Breyer’s ice cream and marketing team has long maintained it’s standing as one of the few “all natural” ice creams available to the masses. They proudly touted an ingredient’s label that only contained a few ingredients such as cream, sugar, and eggs. However, that is all swiftly changing.  The Breyer’s brand will no longer be able to claim it’s all natural standing. In fact, they have changed their design so much that the product cannot even be called ice cream anymore.

Frozen Dairy Dessert

The new and “improved” Breyer’s now contains dozens of ingredients including corn syrup, carrageenen, and diglicerides. There are so many added ingredients in the new Breyer’s that the FDA will not allow it to even be called ice cream. The appropriate term is now “frozen dairy dessert”. That’s right … Breyer’s is no longer making ice cream. They are making frozen dairy desserts. Under federal law, to be called “ice cream”, a product must meet a certain standard of identity, which in this case requires that there be at least 10% milk fat in the product. That generally would come from the cream in the product. If the product does not meet the federal “recipe” for ice cream, it has to be called something else. Breyer’s has opted for the term frozen dairy dessert.

Why The Change in Ingredients? has an awesome side by side ingredients list and carton cover to take a look at. They outline the changes in the terms used as well as the ingredients lists. One major change in recipe is the amount of milk in the product. The old real ice cream product has milk and cream as the first two ingredients. The new version has cream listed as fourth. Breyer’s is insisting that the changes in recipe took place because consumers wanted a smoother texture and lower fat that natural ice cream did not provide. They claim lower fat content and enhanced taste with the new product. However, the truth is that the changes most likely took place for cost reasons. Breyer’s ice cream was competing with other cheaper frozen dairy desserts. With less cream and milk being utilized it will cut cost of production significantly. Was this a move to better “taste” or to cost savings? I believe it is the later.
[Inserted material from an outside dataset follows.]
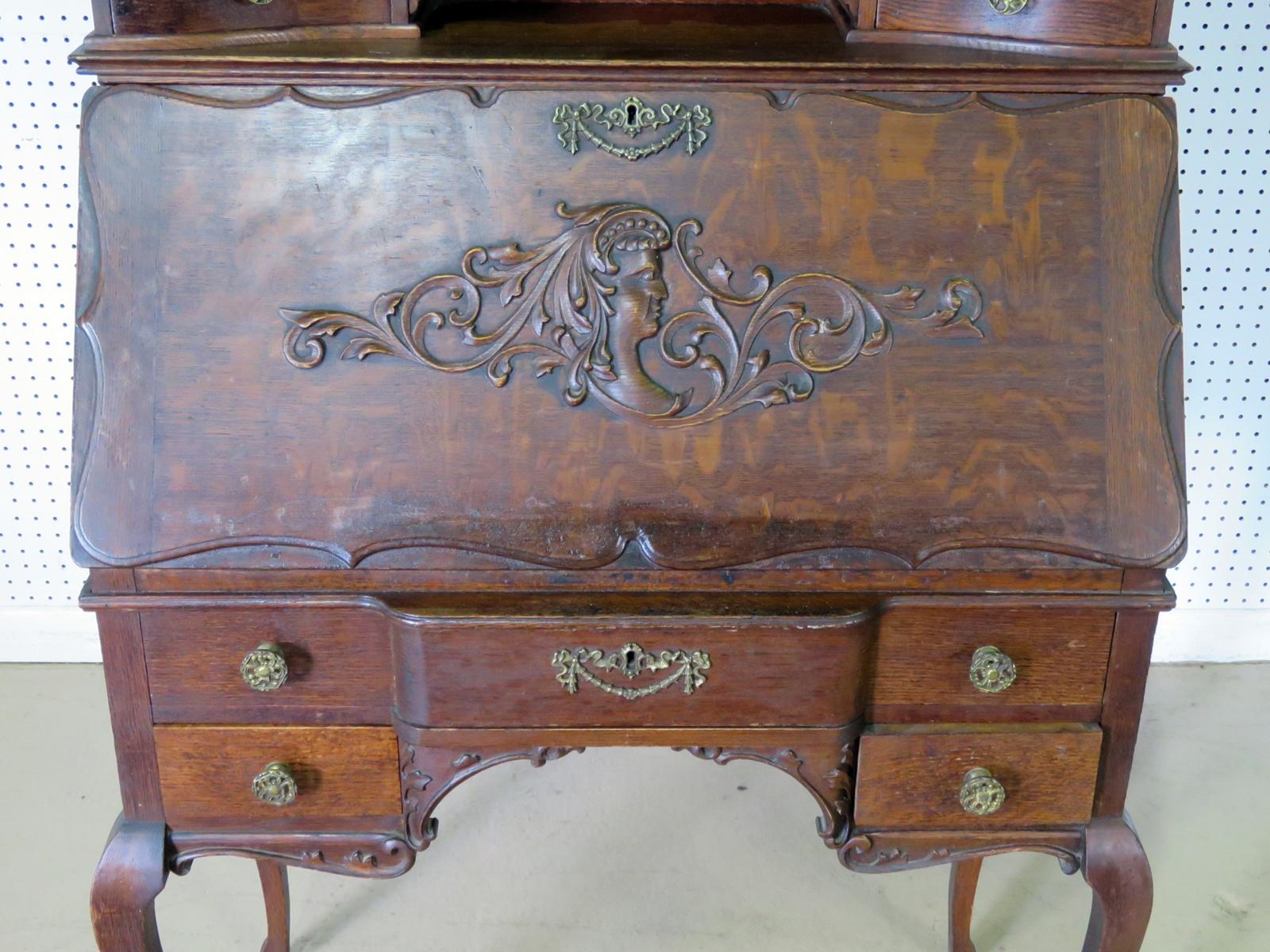 Antique quarter-sawn oak secretary desk with a beveled mirror backsplash and brass accents.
What About the Old Recipe?

However, all is not lost for the all natural Breyer’s ice cream lovers. Breyer’s will maintain a selection of natural ice creams that will come at a premium price. The flavors will include chocolate, vanilla, and strawberry. There are also a few other organic and natural brands left on the market. The key is to look at the ingredients list if you want the real deal. Look to see that the product is labeled “ice cream” instead of another similar sounding name, and check the ingredients label. You would want to see cream and milk topping the list in a natural ice cream product.

What do you think of this change? Will it prevent you from purchasing Breyer’s or do you welcome the new frozen dairy dessert line?